Erwarten Sie nach der Bundestagswahl 2013 eine grundlegende Reform des Wahlrechts?
Sicher ist: Das Bundeswahlgesetz ist von Wahl zu Wahl immer geändert worden. Insofern erwarte ich, dass auch beim nächsten Mal das Gesetz wieder angepasst wird. Ob daraus eine Reform wird, kann ich schwer einschätzen.
Immer wieder wird über Vorab-Veröffentlichungen des Wahlergebnisses diskutiert, zum Beispiel über Twitter. Wie sehen Sie das?
Das Bundeswahlgesetz sagt klar, dass die Vorab-Veröffentlichung von Ergebnissen unter Strafe steht, weil dies das Wahlverhalten beeinflussen könnte. Was Sie konkret ansprechen, sind Vorabveröffentlichungen von Ergebnissen der so genannten Exit-Polls. Die Wahlforschungsinstitute befragen direkt nach der Stimmabgabe die Bürger in ausgesuchten Wahllokalen, damit sie um 18 Uhr eine möglichst treffsichere Prognose haben. Wenn man das vorab veröffentlichen würde, stünde das unter Strafe. Aber den Instituten, die mit Exit-Polls arbeiten, ist das bewusst. Das, was wir beim letzten Mal auf Twitter hatten, waren Tweets mit angeblichen Ergebnissen.
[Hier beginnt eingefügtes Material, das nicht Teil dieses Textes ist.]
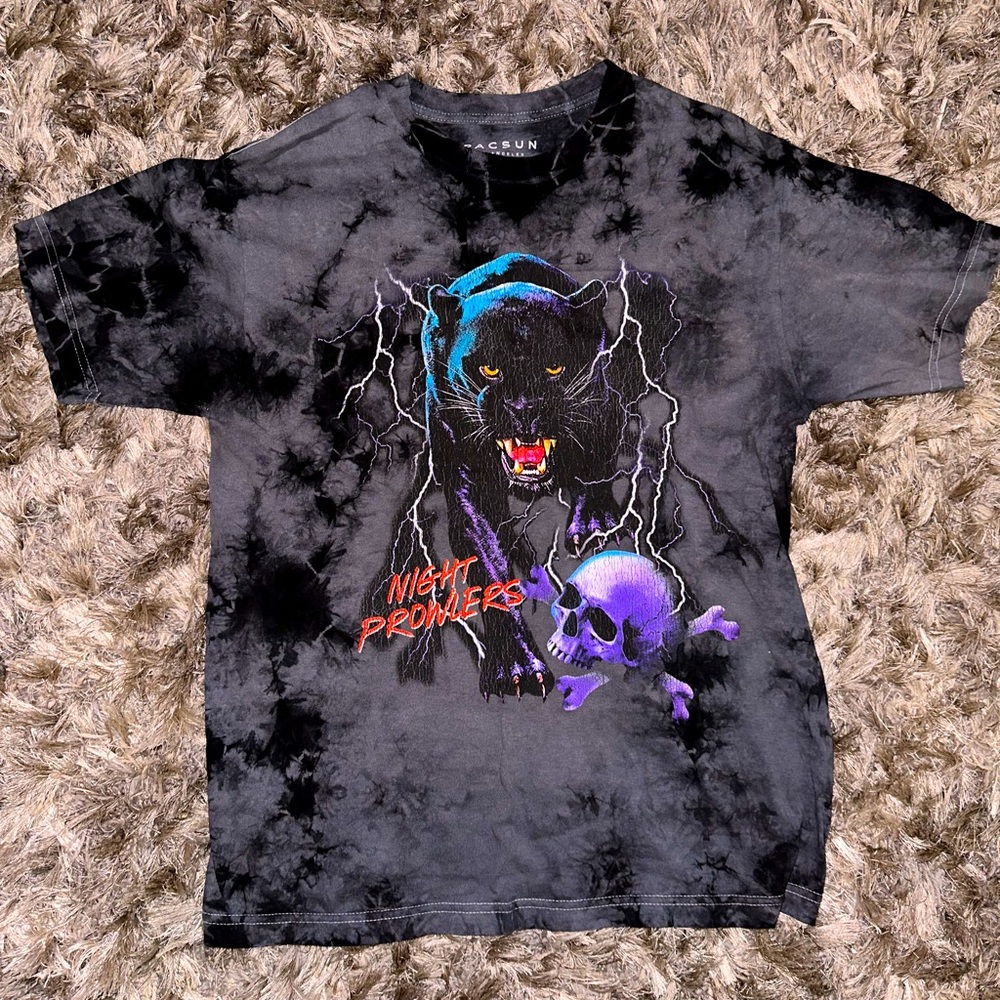 Pacsun Tee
Aber am Ende waren das einfach Wichtigtuer, die wild über den Wahlausgang spekuliert hatten und damit Aufmerksamkeit erregen wollten.
Wo und wann wählen Sie selber?
Ich sitze am Wahlsonntag im Reichstag und versuche, die Wahl schnell, elegant und ohne Störungen durchzuführen. Deswegen kann ich nicht in meiner Heimatgemeinde zur Wahl gehen. Deshalb mache ich das, was ich vorhin als zweitbeste Lösung bezeichnet habe, nämlich Briefwahl.
Interview: Robert Domes
Roderich Egeler ist seit August 2008 Präsident des Statistischen Bundesamtes und als solcher mit dem Amt des Bundeswahlleiters betraut. Er ist für die Durchführung von Bundestags- und Europawahlen verantwortlich. Egeler, Jahrgang 1950, ist Volkswirt. Er war bis 1992 im Bundesamt für Zivilschutz, danach Referent im Haushaltsreferat des Bundesinnenministeriums. Anschließend leitete er das Beschaffungsamt des BMI.